Como Bruna, a jovem revelação de 25 anos vive o início da vida de Raquel no mundo da prostituição, entre os 17 e os 18 anos, onde já passa por situações de estupro, repressão e constrangimento, talvez a parte mais difícil de todo o trabalho.
“Isso foi uma coisa que eu conversava muito com a Marcia (Faria, diretora geral da série) de não querer glamourizar mesmo, sabe?”, disse ela, em entrevista exclusiva ao Virgula. “E contribuir pra esse tipo de retrato que muitas vezes acontece, do [ponto de vista do] cliente, e não da mulher por trás da garota de programa. Mulheres que têm suas vontades, seus medos, suas famílias, suas preocupações, entende? E não só focar no ‘ah, ganha dinheiro, então é bom?’ sabe?”, completou.
As inúmeras cenas difíceis, com nudez, sexo e violência, pesam no psicológico de qualquer atriz, especialmente uma estreante. Por isso, segundo Maria, o fato da equipe de #MeChamaDeBruna ser toda capitaneada por mulheres foi fundamental para o desenvolvimento de um conforto mínimo para a realização do trabalho. “Era uma diretora de fotografia mulher, uma operadora de câmera mulher, a diretora era mulher, então eu tinha essa segurança, entende? Que nada ali seria usado à toa.

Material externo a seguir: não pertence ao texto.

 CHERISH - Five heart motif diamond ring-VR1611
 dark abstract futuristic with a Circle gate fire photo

Óbvio que vai ter nudez porque estamos falando sobre isso, estamos falando sobre o sexo, a prostituição, mas não ia ser uma exploração gratuita daquilo ali pra divertimento masculino, do espectador. (…) O meio audiovisual brasileiro e no mundo é muito machista, muito masculino”, criticou.
Vivência nas ruas como prostituta
Parte do elenco foi às ruas do Rio de Janeiro para fazer um breve experimento sobre a vulnerabilidade de prostitutas que trabalham nas ruas. Maria estava nesse grupo e relatou um pouco como foi essa experiência. “Nós estávamos com a roupa de ensaio mesmo e minha roupa era uma regata e um short, e [foi] a primeira vez que o Tom e a Marcia (Faria, diretora geral) levaram um salto alto pra gente. Nós vestimos o salto e andamos um pouco ali por Botafogo e, muitas vezes, era só andar, não era pra provocar os homens”, disse.

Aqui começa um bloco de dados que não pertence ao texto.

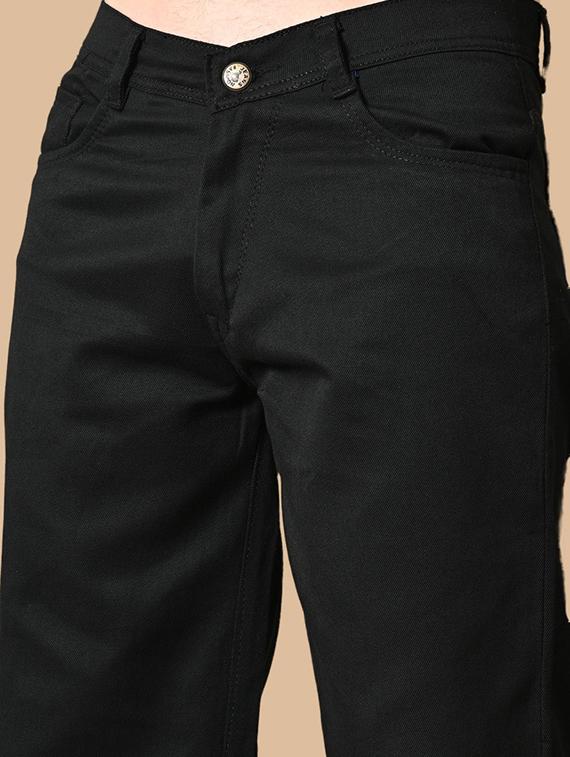 men black plain mid rise baggy jeans - 22012288 - Standard Image - 2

Em uma das abordagens, um homem bastante agressivo fez com que ela pedisse para o trabalho ser interrompido. “Nós nos separamos e aí veio um [homem] que me assustou um pouco porque ele era muito agressivo. Ele não gritava, não levantava o tom de voz, mas ele teve uma abordagem violenta. Tipo, de me xingar de piranha… só que ele falava baixinho só pra eu ouvir. Foi muito invasivo, tanto que depois desse momento eu pedi pra encerrar o experimento porque eu não estava me sentindo bem naquela situação”, afirmou.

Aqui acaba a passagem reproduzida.